The use of IoT in the business world to enhance data monitoring and important processes to be more thoughtful and increase efficiency and allow organizations to make better decisions. They tell the organizations what’s happening, rather what executives assume to home is happening. The IoT market is expected to grow $520 billion by 2021 which is more than a 100% rise in 2017.

Let’s see the keyways that IoT transforms the business in the digital world.

1.      Improved Business and Customer experience:

Connected network on equipment in various fields such as health care, manufacturing, aviation, supply chain, agriculture, and many more organizations is generating lots of data streams and analytics, meaning organizations are getting much more insights into their business operations and their services.

Cloud platforms such as Microsoft Azure, AWS, IBM and Google firebase, and many more private vendors are providing a way to incorporate the connectivity. In recent times Edge computing getting its traction in some organizations to reduce the latency in the systems. When a company understands how its consumers are using the products, they can provide a better experience for their users.

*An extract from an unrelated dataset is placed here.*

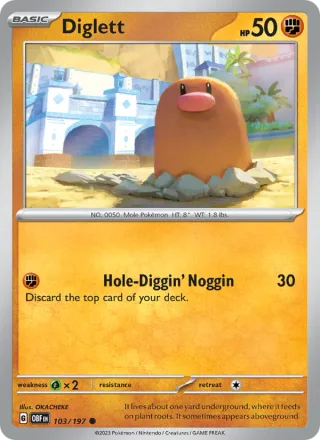 Diglett #103 · Obsidian Flames Pokémon card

2.      Reduced Cost and Downtime:

The rapid expansion of new digital technologies is resulting in digital modeling of physical assets built from real-time data to visualize the data. The other technologies, such as big data, AR, AI, enterprise asset management, etc promise an emerging world of predictive maintenance and proactive operations. Imagine a small failure in the mission-critical components that can result in hours of downtime. Now, imagine every part of the equipment is being stored in the digital world, which informs the engineers or technicians ahead of time on the failure of the parts and its behavior. This type of technology will help cutting cost and operational downtimes of the systems and also helping the people to learn more about its apparatus which allows to better maintenance.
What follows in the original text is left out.